I have given twenty years to the life-sapping task of Polar exploration—all without pay—all for the benefit of future man. Returning—asking for nothing, expecting only brotherly appreciation of my fellow countrymen, I am compelled to face an unjust battle of political intrigues by men in the pay of the Government. My effort now is not for money nor for a pension, but to defend my honor and that of my family. The future of my children demands an exposition of the unfair methods of the arm-chair geographers in Washington. However, I do not ask the administration to defend me or my posterity, but do ask that the men who draw a salary from the National treasury be made answerable for a propaganda of character assassination, among these is Prof. Willis Moore and others of the so-called National Geographic Society.
The National Geographic Society with Prof.
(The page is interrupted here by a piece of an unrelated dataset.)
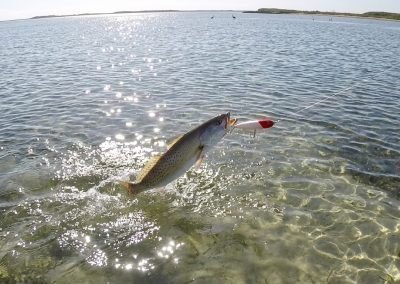 Wade Fishing Laguna Madre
Moore as President is responsible for the false interpretation of the rival Polar claims. This society is a private organization used mostly for political purposes; for two dollars per year a college professor or a street-sweeper becomes with equal facility a "national geographer." It is, therefore, not "national" nor "geographic," and when this society poses as a scientific body, it is an imposition upon American intelligence, and yet it is this society, with the well-known political trickery of Prof. Moore, which has attempted to decide for the world the merits of Polar attainment. An investigation of the wrong doings of this society will quickly bring to light the injustice of the Polar controversy.
A commission of Polar explorers appointed by National authority will end for all times the problem of the rival Polar claims. There is an abundance of material on both sides by which such a commission could come to a reasonable conclusion. The general impression that the Polar contention has been scientifically determined is not true. There has been no real investigation into either claim. Such an investigation could only be made by Arctic explorers, and to bring about this end I would suggest the appointment of an International Commission of such men as General A. W. Greely, U. S. A., Captain Otto Sverdrup of Norway and Professor Georges Lecointe of Belgium. Their decision would be accepted everywhere. Greely and Sverdrup have each spent four years in the very region under discussion, and Lecointe is the Secretary of the International Bureau for Polar Research and also director of the Royal Observatory of Belgium. Such men will render a decision free from personal bias, free from National prejudice and their verdict will be accepted by the Nations of the world.
Though I am an interested party I insist that my appeal is not altogether a personal one. In the interest of that deep-seated American sense of fair play, in the interest of National honor, in the interest of the glory of our flag, it would seem to be a National duty to have the distrust of the Polar attainment cleared by an International commission.